That's not what the comment says. The ports don't have to be equal; they only need to be symmetric. That is, if packets go out with source port 51820 and destination port 28150, the NAT will expect inbound packets to be from port 28150 to 51820 instead.

(Take a look at e.g. DNS requests – you won't see packets with 53→53, you'll see [random]→53 and the firewall will just expect replies with 53→[random].)

In the incoming direction though, client's router shows that packets come from port 1025. It looks like server side NAT changed port 51820 to 1025. Is this because port 51820 is already occupied by the port forwarding?

More likely it's because the NAT is already tracking another UDP conversation with this destination that uses the same local port (but perhaps coming from a different internal IP address, or going to a different remote port).

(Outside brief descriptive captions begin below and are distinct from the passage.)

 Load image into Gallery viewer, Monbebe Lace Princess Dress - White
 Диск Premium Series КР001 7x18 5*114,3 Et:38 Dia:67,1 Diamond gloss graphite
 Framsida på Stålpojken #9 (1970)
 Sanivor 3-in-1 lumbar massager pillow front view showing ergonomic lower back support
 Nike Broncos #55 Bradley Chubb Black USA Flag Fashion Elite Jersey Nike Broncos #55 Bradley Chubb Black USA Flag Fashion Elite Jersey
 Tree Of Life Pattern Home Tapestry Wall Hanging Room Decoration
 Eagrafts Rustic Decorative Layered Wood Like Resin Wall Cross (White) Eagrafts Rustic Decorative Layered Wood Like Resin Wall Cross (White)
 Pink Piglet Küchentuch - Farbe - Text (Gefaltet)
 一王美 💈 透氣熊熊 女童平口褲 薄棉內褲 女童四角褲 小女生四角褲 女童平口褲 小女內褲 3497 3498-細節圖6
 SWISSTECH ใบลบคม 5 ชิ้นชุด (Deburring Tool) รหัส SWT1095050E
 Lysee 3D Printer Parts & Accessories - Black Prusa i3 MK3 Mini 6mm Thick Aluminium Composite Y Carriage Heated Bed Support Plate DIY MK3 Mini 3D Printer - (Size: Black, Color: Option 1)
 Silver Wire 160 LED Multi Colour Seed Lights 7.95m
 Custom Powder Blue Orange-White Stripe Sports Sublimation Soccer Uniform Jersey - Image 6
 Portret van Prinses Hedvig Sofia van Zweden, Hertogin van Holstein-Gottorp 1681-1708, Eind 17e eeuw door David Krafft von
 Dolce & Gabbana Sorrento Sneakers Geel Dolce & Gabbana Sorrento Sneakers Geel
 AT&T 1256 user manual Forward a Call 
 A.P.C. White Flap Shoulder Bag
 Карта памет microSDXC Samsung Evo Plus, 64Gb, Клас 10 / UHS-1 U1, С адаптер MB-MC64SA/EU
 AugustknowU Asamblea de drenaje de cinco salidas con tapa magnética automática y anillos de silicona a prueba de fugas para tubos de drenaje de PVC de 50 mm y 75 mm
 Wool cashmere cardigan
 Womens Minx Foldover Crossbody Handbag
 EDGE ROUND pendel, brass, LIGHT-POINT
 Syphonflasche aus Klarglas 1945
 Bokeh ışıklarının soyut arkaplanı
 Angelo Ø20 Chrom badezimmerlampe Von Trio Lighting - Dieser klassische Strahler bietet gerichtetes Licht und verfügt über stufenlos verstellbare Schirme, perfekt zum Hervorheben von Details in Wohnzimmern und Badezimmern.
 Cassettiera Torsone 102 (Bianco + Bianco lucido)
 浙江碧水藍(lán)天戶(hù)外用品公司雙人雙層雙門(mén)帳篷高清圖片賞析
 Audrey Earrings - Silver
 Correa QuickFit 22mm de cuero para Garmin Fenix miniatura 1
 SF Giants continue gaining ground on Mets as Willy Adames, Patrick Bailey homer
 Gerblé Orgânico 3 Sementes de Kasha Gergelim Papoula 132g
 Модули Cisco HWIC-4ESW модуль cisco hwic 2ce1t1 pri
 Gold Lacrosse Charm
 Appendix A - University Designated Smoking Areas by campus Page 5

The standard SNAT / MASQUERADE module in iptables doesn't look at what port-forwarding rules you have – it only has information about conntrack state (the currently tracked flows), but it will try to rewrite the local port to ensure uniqueness of the inbound host:port (see nf_nat_used_tuple).

Check conntrack -L -p udp on the gateway; you might want to flush old states if you're frequently editing the NAT rules for experiments.

Some NAT implementations in gateways use a custom iptables NAT module and always change the source port of all outbound connections. This usually goes together with the term "Symmetric NAT" (as opposed to the more lenient "Cone NAT" that standard iptables implements).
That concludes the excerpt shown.